Cyrielle Huguenot déclare que la liberté de religion peut faire l’objet de restrictions que si elles sont nécessaires à un intérêt légitime et proportionnées. «La proportionnalité exige d’atteindre ces objectifs d’intérêt public en restreignant le moins possible les libertés», souligne-t-elle. Elle rappelle que les restrictions ne peuvent pas être discriminatoires, c’est-à-dire toucher une religion en particulier. La cadre au sein d’Amnesty International Suisse juge donc l’interdiction généralisée de la burqa «pour tout le monde et en tout temps» disproportionnée. Shafique Keshavjee lui rétorque que l’islam n’est pas qu’une religion : «c’est une foi mais aussi un Loi». Cette «méconnaissance» qui «projète sur l’islam l’évolution des religions occidentales où progressivement l’Église et l’État ont été séparés, où les libertés individuelles ont été développées, où l’égalité homme-femme a été défendue» fausse le débat, selon lui. 

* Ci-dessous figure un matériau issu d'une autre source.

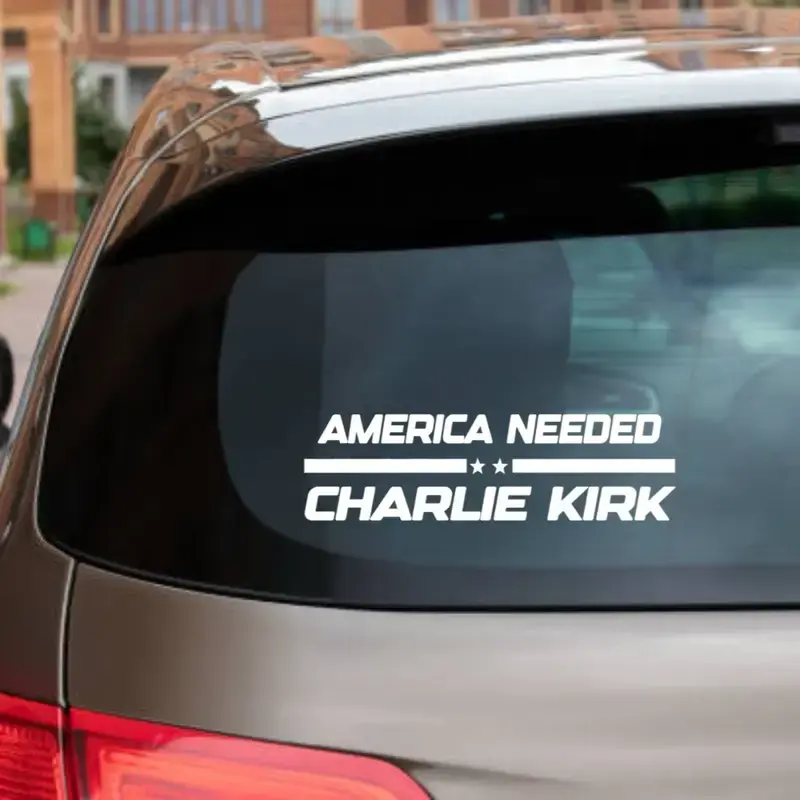 Charlie Kirk Car Decal - America Needed Charlie Kirk - Durable Vehicle Exterior Decoration - 6.5\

«Stigmatiser et marginaliser une poignée de femmes n’est pas une stratégie sensée contre les extrémistes islamistes», assure Cyrielle Huguenot . Elle prône d’autres politiques plus pertinentes en faveur de l’intégration, de la formation et de la prévention.  «Il n’y a pas de solutions simples et un ‘oui’ n’enverrait pas un signal fort.» L’ancien pasteur réformé reconnaît que quel que soit l’issue de la votation, la société risque d’être encore plus cloisonnée : «Si l’initiative passe, les musulmans pourront se dire discriminés en Suisse. La victimisation est d’ailleurs une stratégie typique de l’islam politique. Si l’initiative ne passe pas, ils pourront considérer que l’Occident est perméable à l’islam politique.»